The reparameterize trick is how we backpropagate gradients through the sampling process. If we just sampled directly from $\mathcal{N}(\mu, \sigma^2)$, the sampling operation would be a black box, and gradients wouldn’t flow. By introducing a random variable $\epsilon \sim \mathcal{N}(0, 1)$ and re-expressing the sample as $\mu + \sigma \cdot \epsilon$, we’ve moved the randomness outside the deterministic part of the computation. Now, the gradient can flow back through $\mu$ and $\sigma$.
When you train this, you’ll see the loss decrease. The reconstruction loss will drop as the VAE gets better at turning an image into a latent code and back. The KL divergence will also decrease, meaning the latent distributions are becoming more like standard normal distributions.

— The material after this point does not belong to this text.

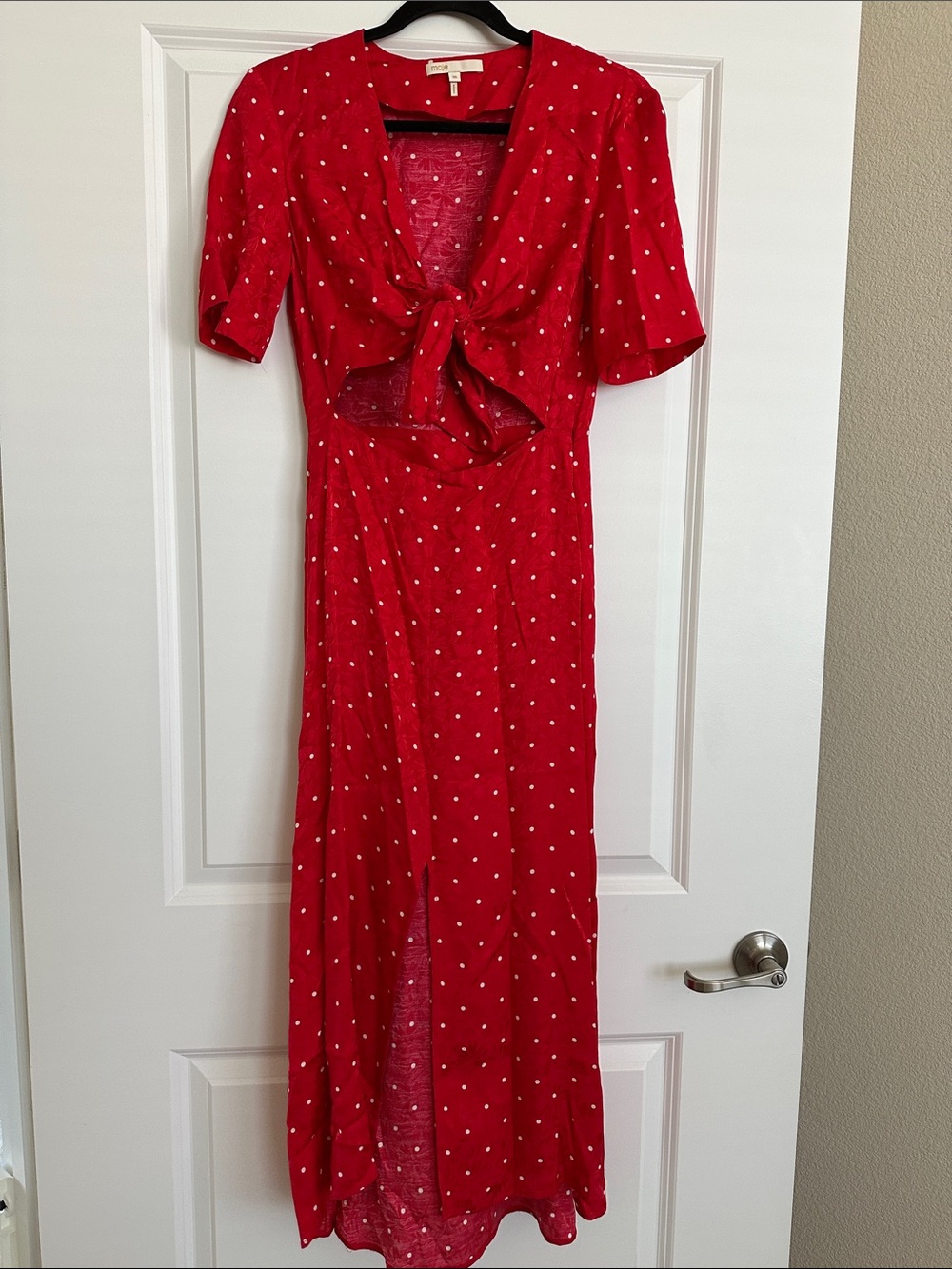 Maje Tie-Front Red Polka Dot Maxi Dress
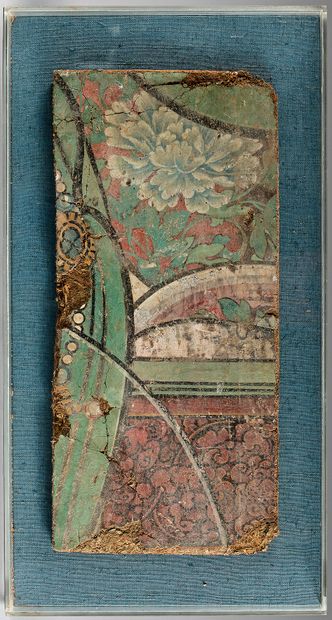 CHINE - Epoque MING (1368-1644) 
Fragment de peinture murale, polychrome montrant...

The magic happens when you sample from $\mathcal{N}(0, 1)$ (the prior distribution we regularized towards) and pass those samples through the decoder. Because the latent space is regularized to be continuous and centered around zero, sampling points from it and decoding them should produce new data that resembles the training data.
The next hurdle you’ll likely face is understanding how to interpret the learned latent space. What do the different dimensions of z actually represent, and how can you manipulate them to control generated outputs?